> _Brief_
Copy everything in the records exactly; the pictures stay out.

> _Exercise inputs_
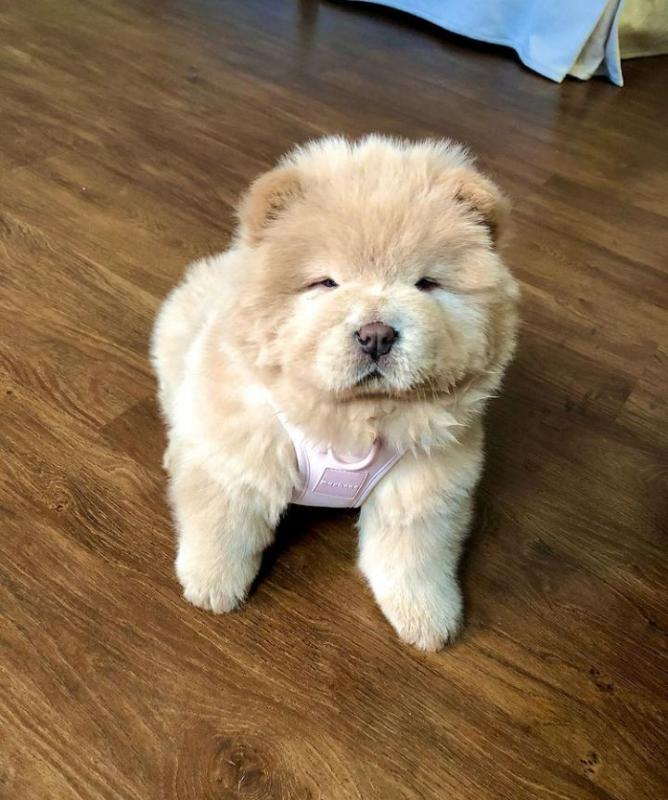 Cute Lovely male and female Chow Chow Puppies for adoption Image eClassifieds4u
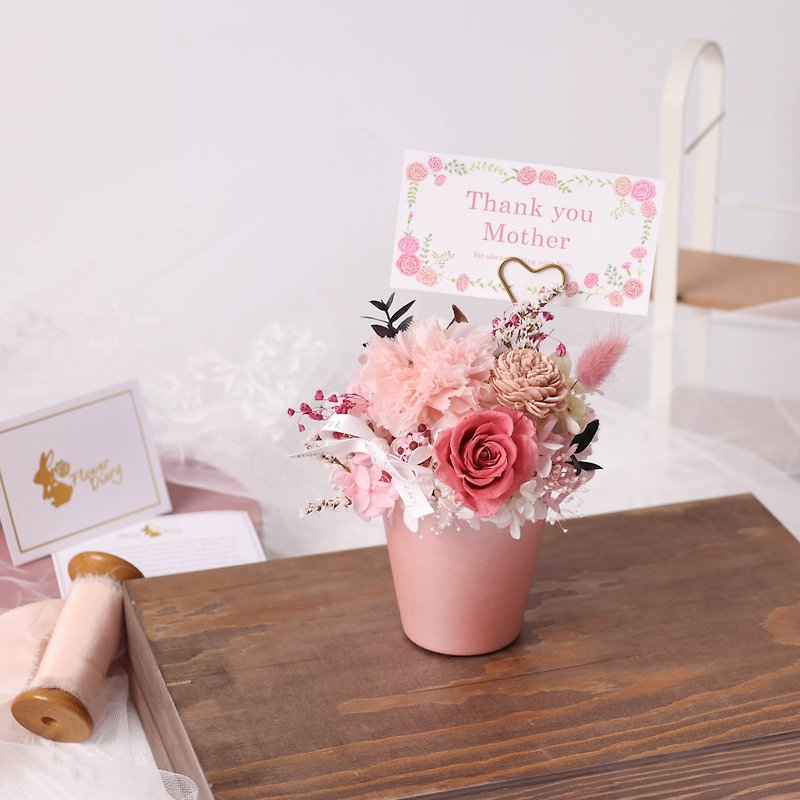 Mother's Day Preserved Flower Small Potted Plant Mother's Day Gift Box with Japanese Card and Beautiful Transparent Gift Box - ช่อดอกไม้แห้ง - พืช/ดอกไม้ สีแดง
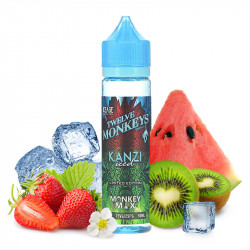 Kanzi Iced 0mg 50ml - Twelve Monkeys Ice Age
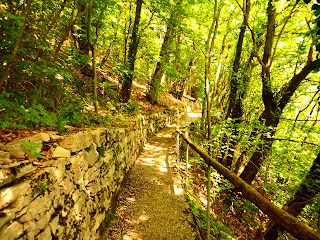 Nature Walk to Bre from Monte Bre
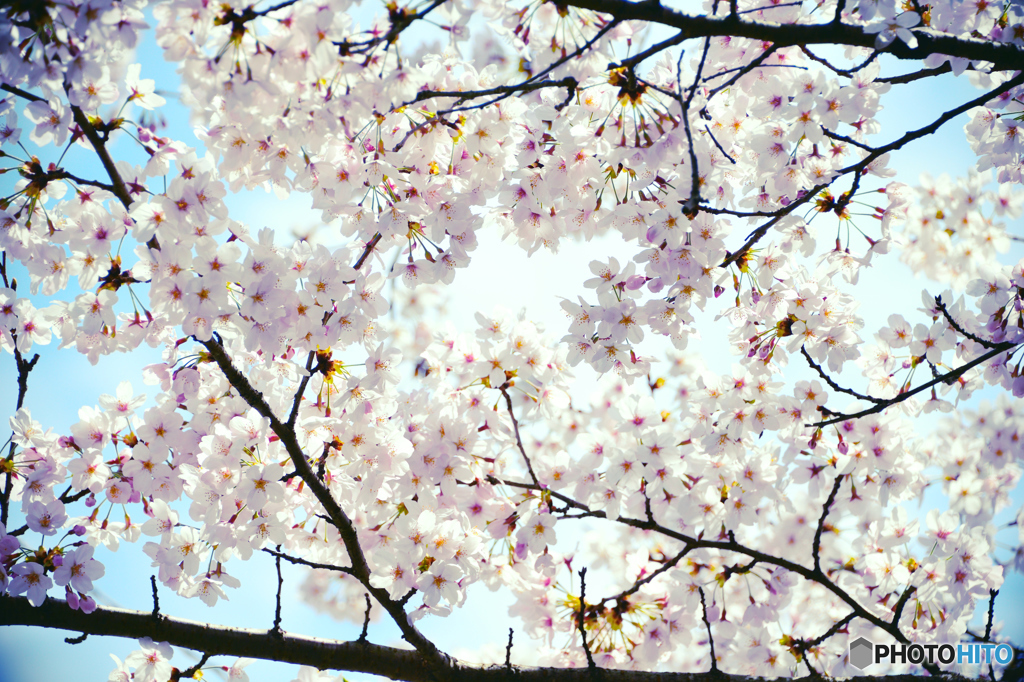 見上げれば桜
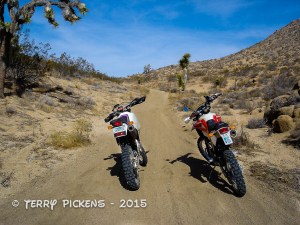 Calico 11-30-2008-20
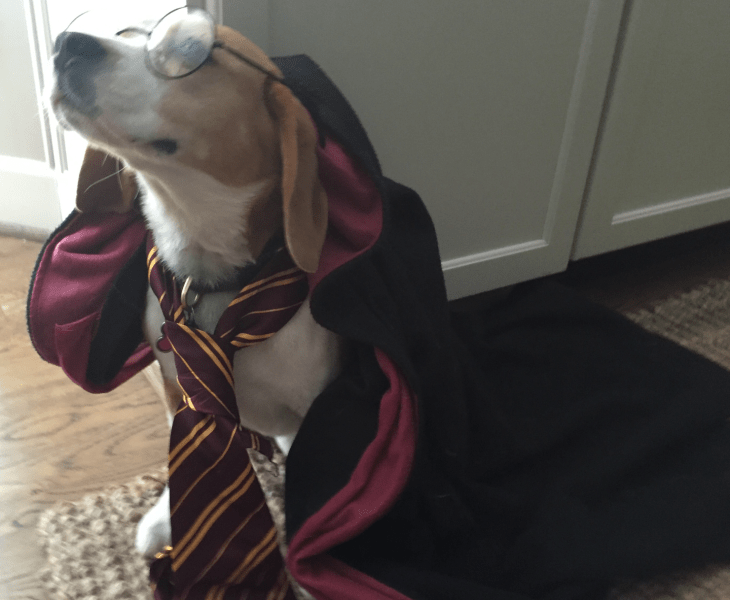 Screen Shot 2016-06-22 at 3.17.39 PM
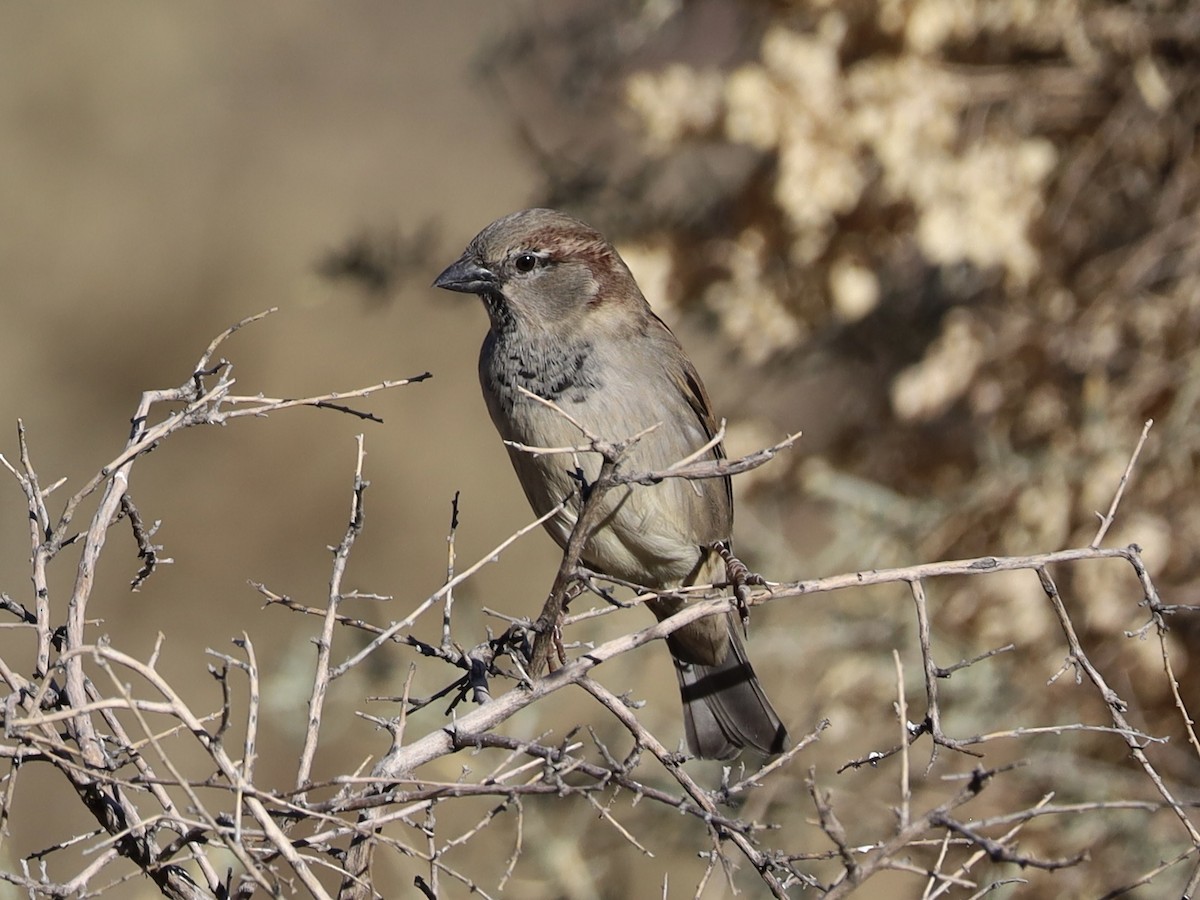 Горобець хатній - ML645265257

> _Answer to the problem_
 Cute Lovely male and female Chow Chow Puppies for adoption Image eClassifieds4u
 Mother's Day Preserved Flower Small Potted Plant Mother's Day Gift Box with Japanese Card and Beautiful Transparent Gift Box - ช่อดอกไม้แห้ง - พืช/ดอกไม้ สีแดง
 Kanzi Iced 0mg 50ml - Twelve Monkeys Ice Age
 Nature Walk to Bre from Monte Bre
 見上げれば桜
 Calico 11-30-2008-20
 Screen Shot 2016-06-22 at 3.17.39 PM
 Горобець хатній - ML645265257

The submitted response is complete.